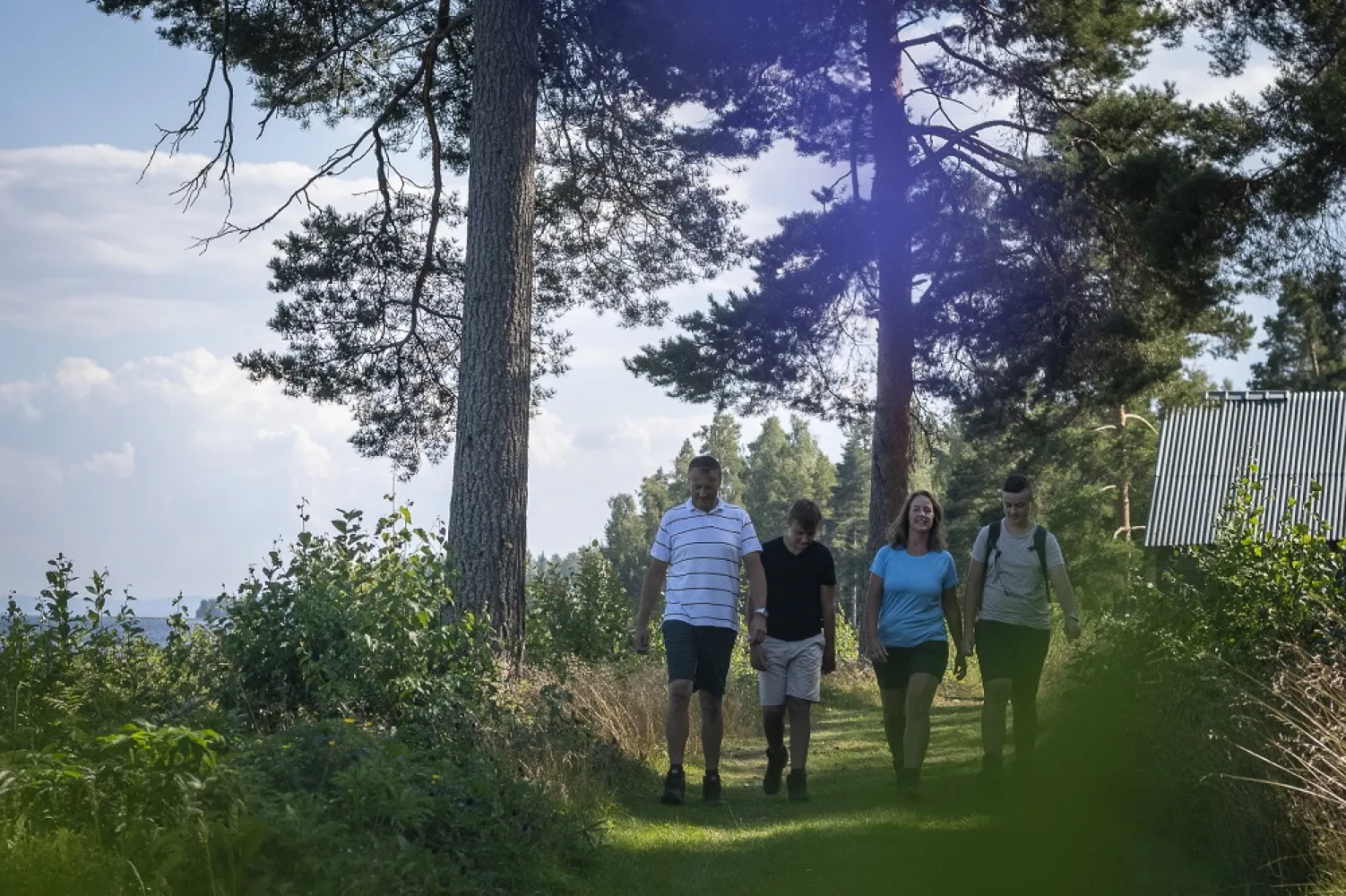 Een gezin loopt op een wandelpad.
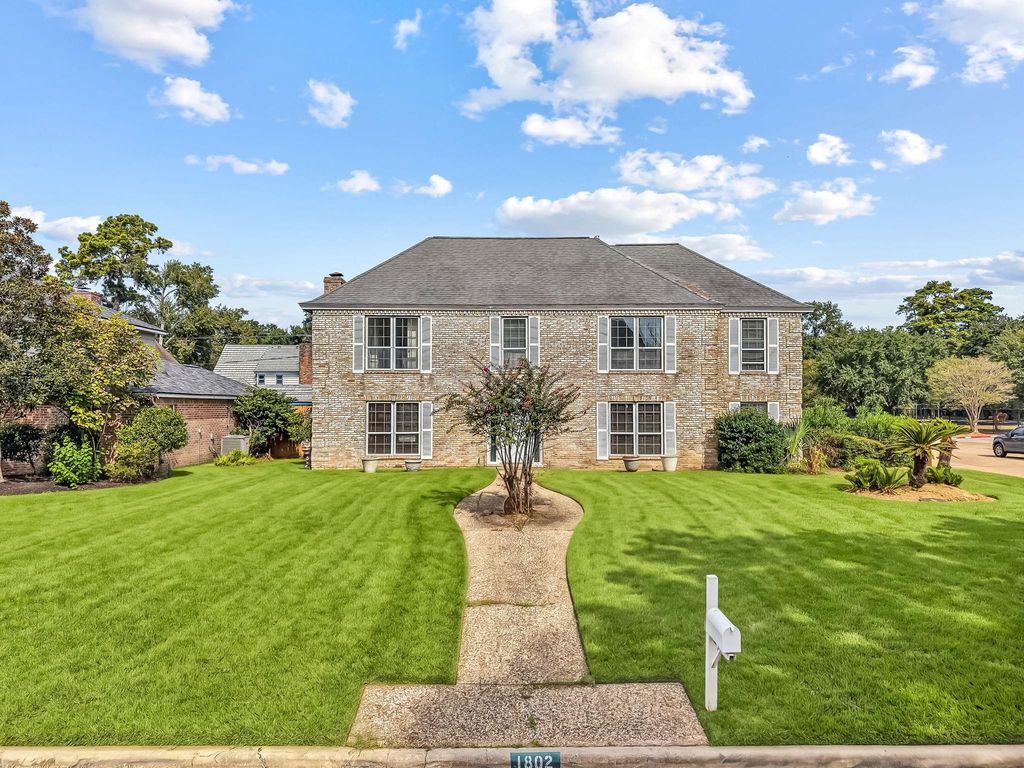 1802 Hamlin Valley Drive, Houston, TX 77090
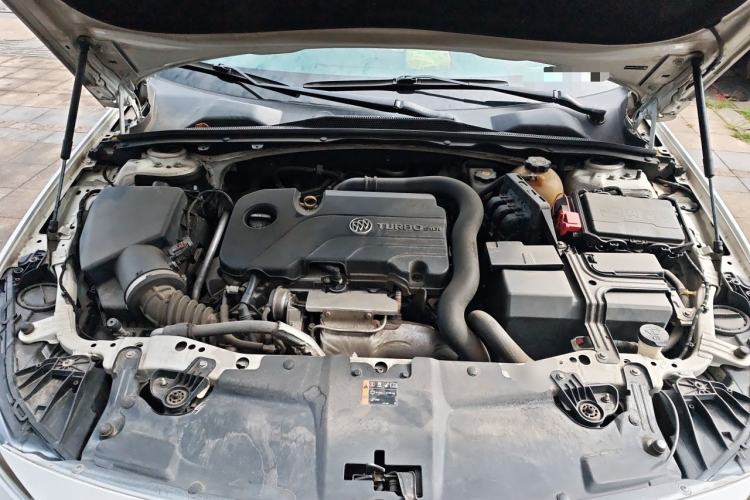 Used Buick Regal 2017 20T Luxury Model Engine Bay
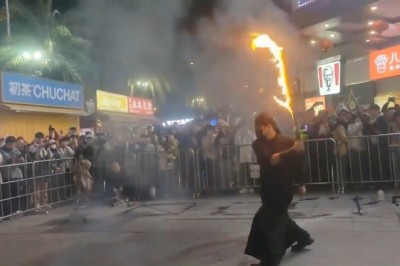 Flaming Mishap: Fire Breather Accidentally Ignites Spectator in Fujian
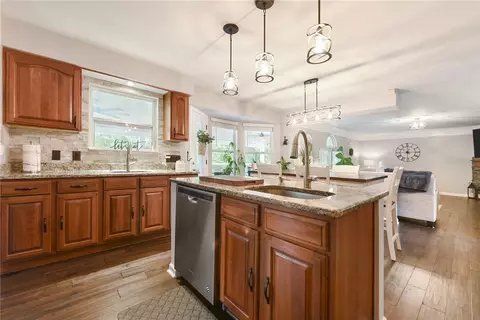 151 Mccracken Dr, Monaca, PA 15061 photo 4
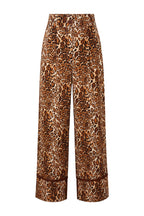 Pantaloni maculati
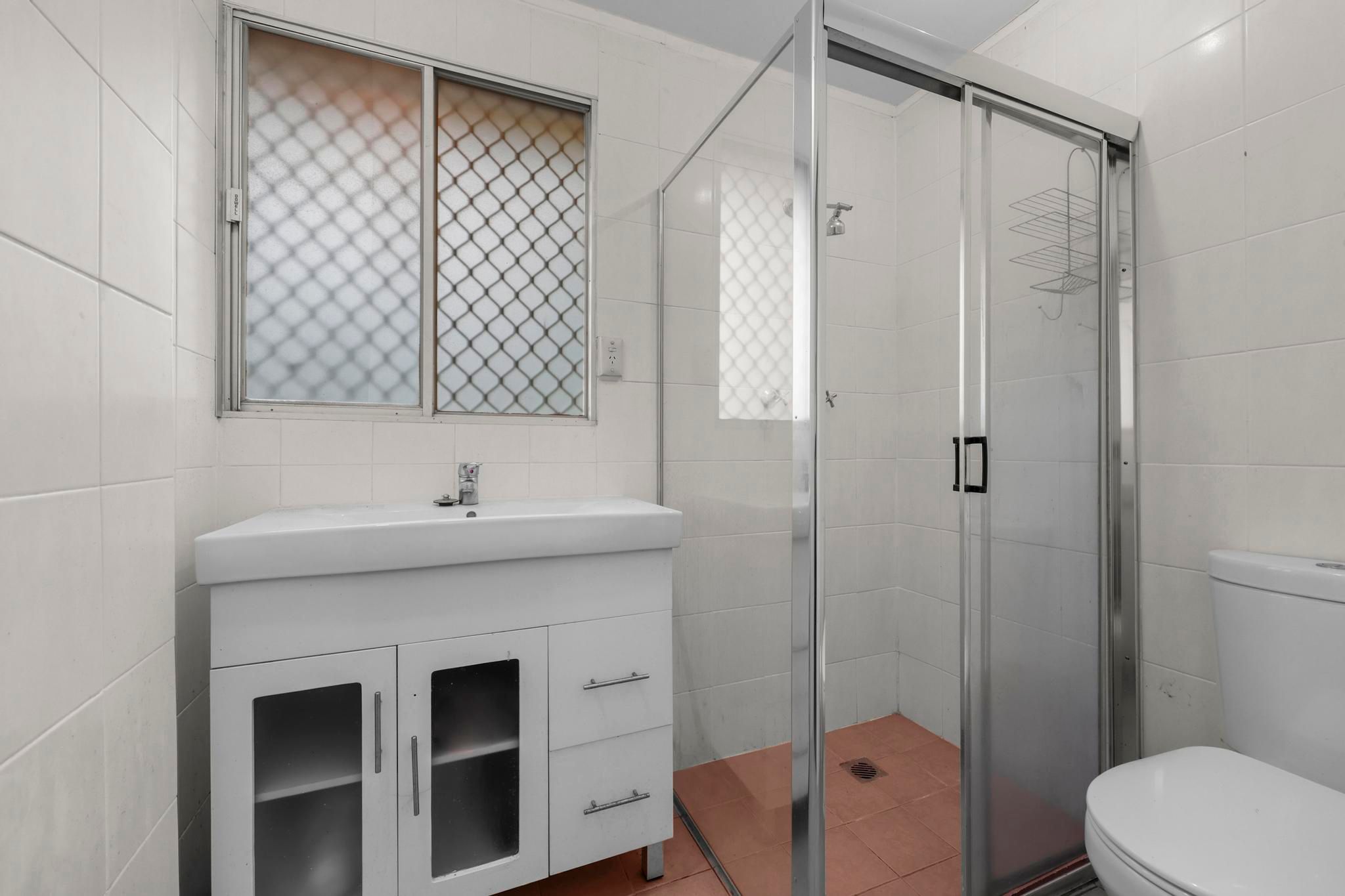 2 Kerrie Crescent, Peakhurst, NSW
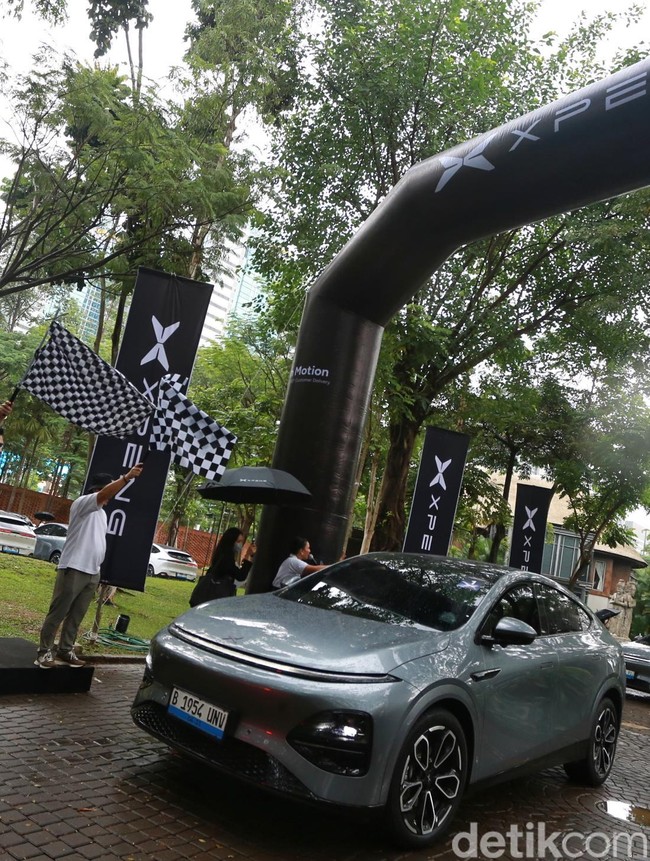 XPENG Serahkan SUV Listrik G6 ke Konsumen Perdana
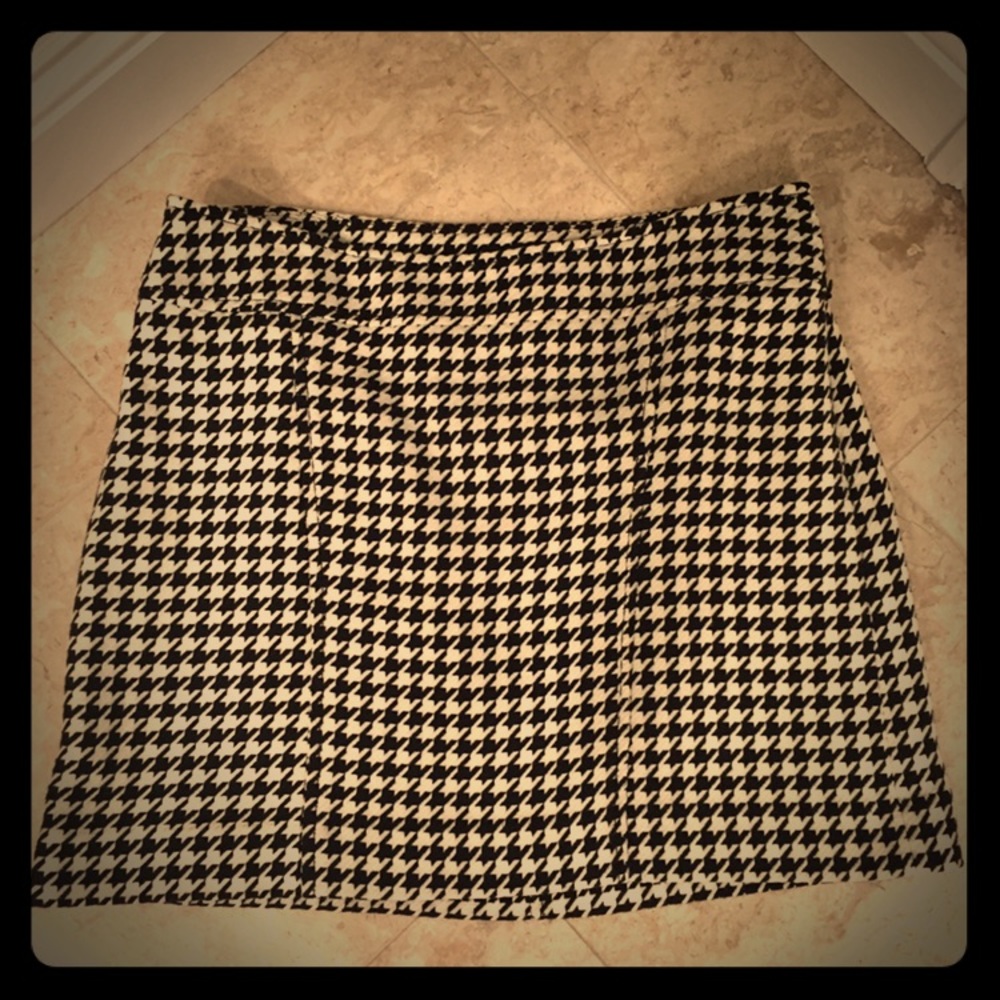 Cute houndstooth mini skirt
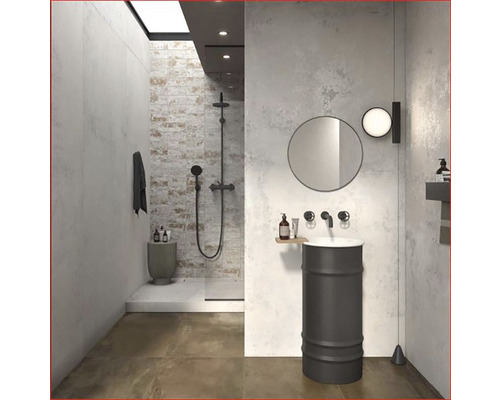 Kúpeľňa so sprchou, umývadlom v tvare suda, zrkadlom a osvetlením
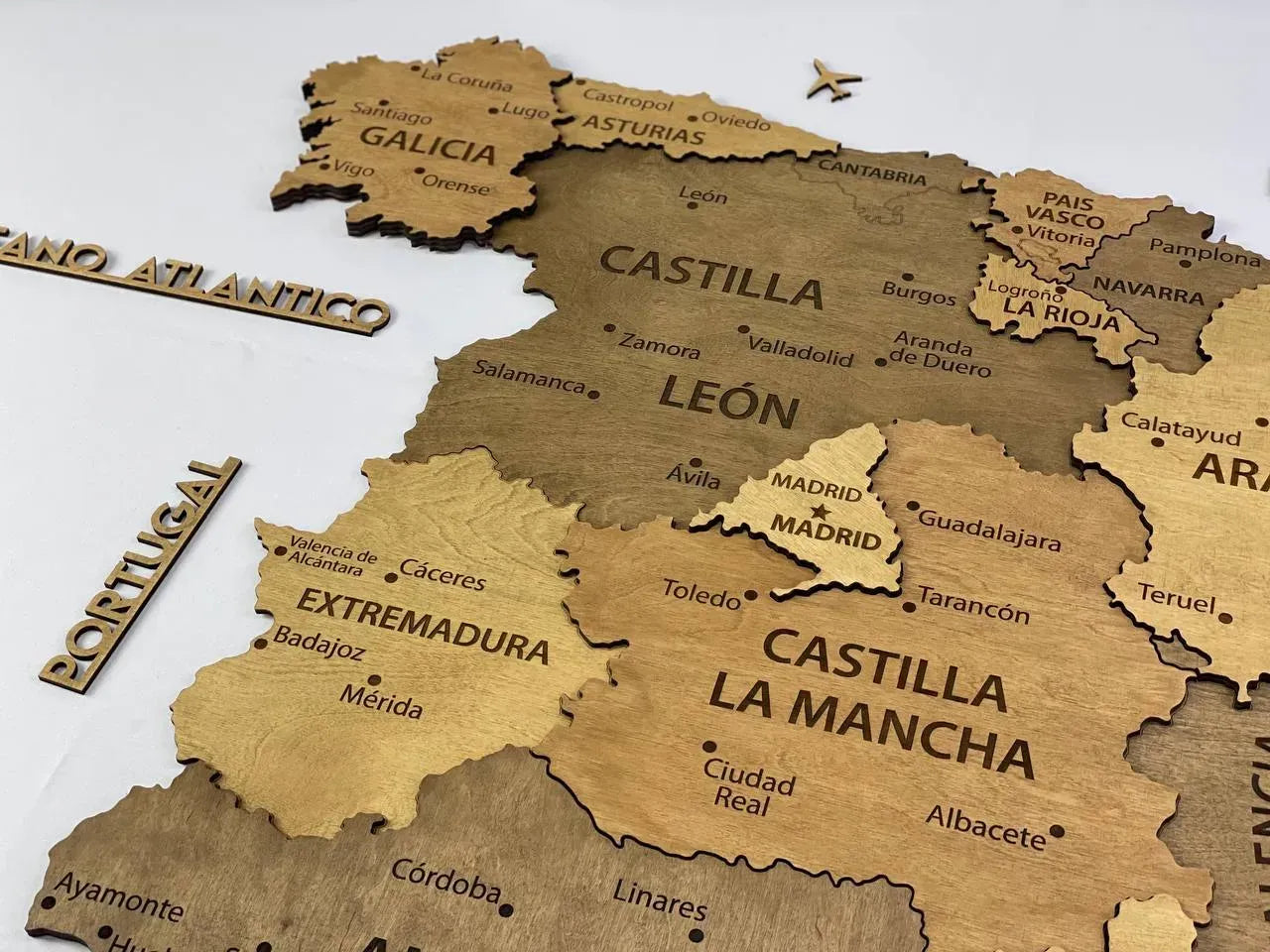 Багатошарова карта Іспанії з дерева, колір Oak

▬▬▬▬▬▬▬▬▬▬

◆ **Exercise details**:
The records above are to be repeated exactly, with every picture removed from the copy.

◆ **Response area**:
 Een gezin loopt op een wandelpad.
 1802 Hamlin Valley Drive, Houston, TX 77090
 Used Buick Regal 2017 20T Luxury Model Engine Bay
 Flaming Mishap: Fire Breather Accidentally Ignites Spectator in Fujian
 151 Mccracken Dr, Monaca, PA 15061 photo 4
 Pantaloni maculati
 2 Kerrie Crescent, Peakhurst, NSW
 XPENG Serahkan SUV Listrik G6 ke Konsumen Perdana
 Cute houndstooth mini skirt
 Kúpeľňa so sprchou, umývadlom v tvare suda, zrkadlom a osvetlením
 Багатошарова карта Іспанії з дерева, колір Oak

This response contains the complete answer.